* [Material provided]
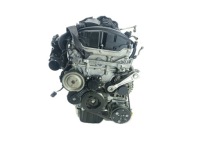 Двигатель комплектный  mini cooper s r55 r56 r57 1.6 thp n14b16ab Киев, фото thumb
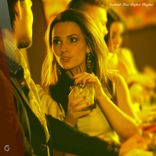 Artwork für "Cocktail Time Perfect Playlist"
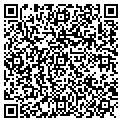 QR code with Nbankcom contacts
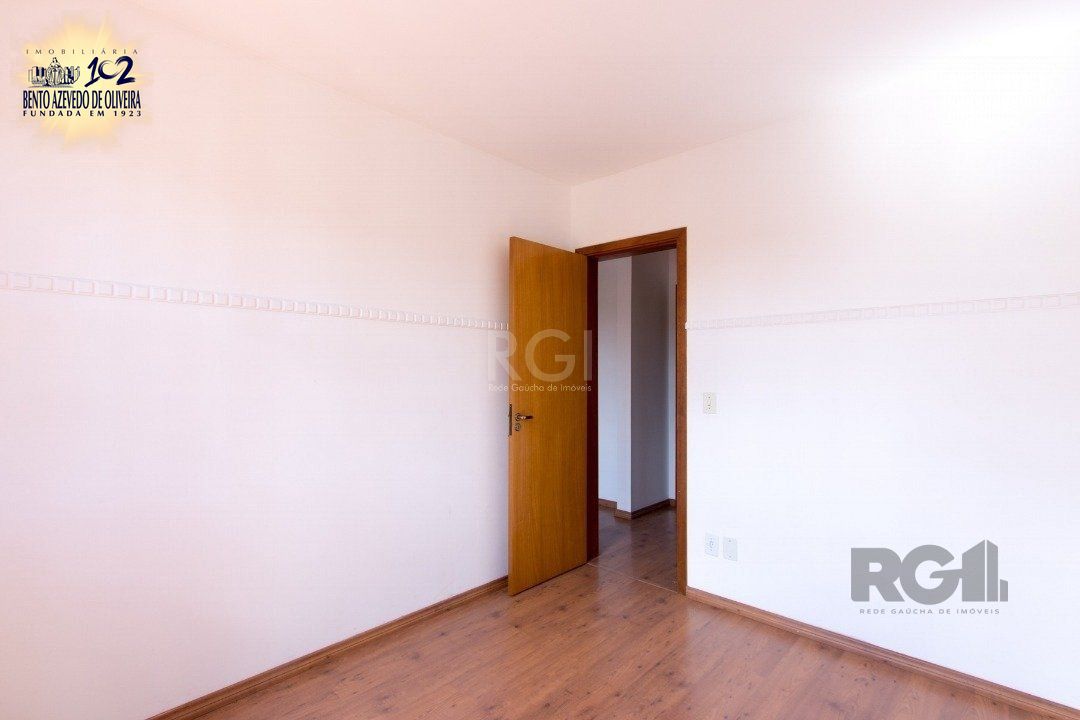 Casa, 3 quartos, 161 m² - Foto 19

* [What is required] Return each line above word for word. Skip the pictures.

* [Answer]
 Двигатель комплектный  mini cooper s r55 r56 r57 1.6 thp n14b16ab Киев, фото thumb
 Artwork für "Cocktail Time Perfect Playlist"
 QR code with Nbankcom contacts
 Casa, 3 quartos, 161 m² - Foto 19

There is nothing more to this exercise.